Norridge, the smallest community in the group, joined after independently working on GIS with an engineering firm. The village recognized the advantages of a fully integrated GIS program in which it shares costs and resources with its neighbors.

“Hiring a GIS resource for Norridge would not have been cost-effective,” says Strempek, who represents the village on the consortium. “As part of the consortium, we have power in numbers and scale.” Norridge is working on a project to interface GIS with the AMR. By tying all systems together — from meter reading to billing to sharing of police department information — the village will be able to access more data and provide better information.
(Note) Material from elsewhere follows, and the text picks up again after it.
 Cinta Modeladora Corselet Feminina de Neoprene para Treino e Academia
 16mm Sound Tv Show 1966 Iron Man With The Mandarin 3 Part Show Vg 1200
Strempek anticipates this will lead to greater communication between departments.

“If the meter transmission unit isn’t relaying information, the system will try to plot other units in the surrounding areas to identify any common issues,” Strempek says. “It may be a simple interference in the area like a pile of leaves or new construction that is blocking the signal. Tying GIS into all the systems — from the water department to the police department to administrative tasks — offers the village one common location from which we can retrieve data and solve issues. It will eliminate the need for multiple databases.”  

Earned recognition

For his work on behalf of Norridge and the T-CON committee, the ISAWWA honored Strempek with its 2013 Young Professional Excellence Award, acknowledging commitment to the organization and the water profession.

Strempek is simply glad to be able to help a community he loves. He considers it important for smaller communities to share information instead of going it alone. “If you’re doing an upgrade, learn from other communities,” he says. “Do surveys. Ask other people who have done what you’re looking to do. Approach the organizations and committees that are there to help you.”

Strempek says Norridge has the advantage of learning from the growing pains of its larger neighbors: “We learn to adapt what they did and what fits for us.” The technologies he put in place have brought efficiencies that position Norridge to succeed in the 21st century.